物語と鋏は使いよう

俺が文学や芸術を使って社会・政治・宗教・倫理についてメッセージを発したり干渉しようとしたりする試みに距離を置くのは、インチキがやり放題だからだ。社会・政治・宗教・倫理が「実際にどう効果するか」を議論するものであるのに対して、文学や芸術は、実際的な効果を捨象し、「どのように表現すれば受け入れられやすいか」を探求するものだからだ。文学や芸術のテクニックを用いて行われる言明はなんでもありのインチキだ。たとえば、「サルにでも描けるまんが教室」では、実際に、包茎禁止法推進漫画と包茎禁止法反対漫画をまったく同じ絵面、コマ割、ストーリー展開で、吹き出し内の単語を単純に入れ替えるだけでやって見せている。

【略】

作家が文学・芸術のやり方で宗教・倫理・社会・政治に対して何か物申したいのであれば、何より先にまずこの一点、「文学や芸術の方法を用いればどんなものでも肯定できる。俺たちはそんなインチキ屋なのである」ということの自覚と態度の表明が求められるのではないか。
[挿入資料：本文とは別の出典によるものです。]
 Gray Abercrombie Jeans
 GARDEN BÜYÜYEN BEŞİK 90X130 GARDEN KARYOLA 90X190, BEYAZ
学問やジャーナリズムと戦いたいのであれば、学問やジャーナリズムの方法でやるべきなのだ。

全然関係ない話。
現物は本の山に埋もれてしまって見あたらないので不正確な引用で恐縮だが、「サルまん」のどこかに「近代宣伝術の父アドルフ・ヒトラー」と書いてあったような覚えがある。
ヒトラーはもともと画家志望だったが、そっち方面では芽が出なかった。その代わり弁舌の才に恵まれた。これもある意味では「物語」の才能といえるだろう。
ヒトラーと同年生まれのもうひとりの天才、チャップリンは映画『独裁者』で徹底的にヒトラーを笑いのめしてみせた。これはまさに「文学や芸術を使って社会・政治・宗教・倫理についてメッセージを発したり干渉しようとしたりする試み」だ。『独裁者』は歴史に残る名画だが、純粋な喜劇映画とはいえないため、チャップリンの初期作品より劣るという意見を見かけたこともある*1
ところで、

また、ヒトラーは政治キャリアの初期においてすでに、映画界におけるチャップリンの人気に目をつけていたとする意見もある。“チャーリー”のキャラクターとヒトラーの類似はたびたび語られるところである。つまり、自らの知名度を上げるために、チャップリンと同じ四角い口ひげを生やしていた、というのである。

これが本当だとすれば非常に興味深いのだが、ウィキペディアの記述を丸のみにはできない。せめて出所が書かれていれば調べようもあるのだが。

*1:確か小林信彦がどこかでそんな意見を紹介していたが、出典は忘れた。ごめん。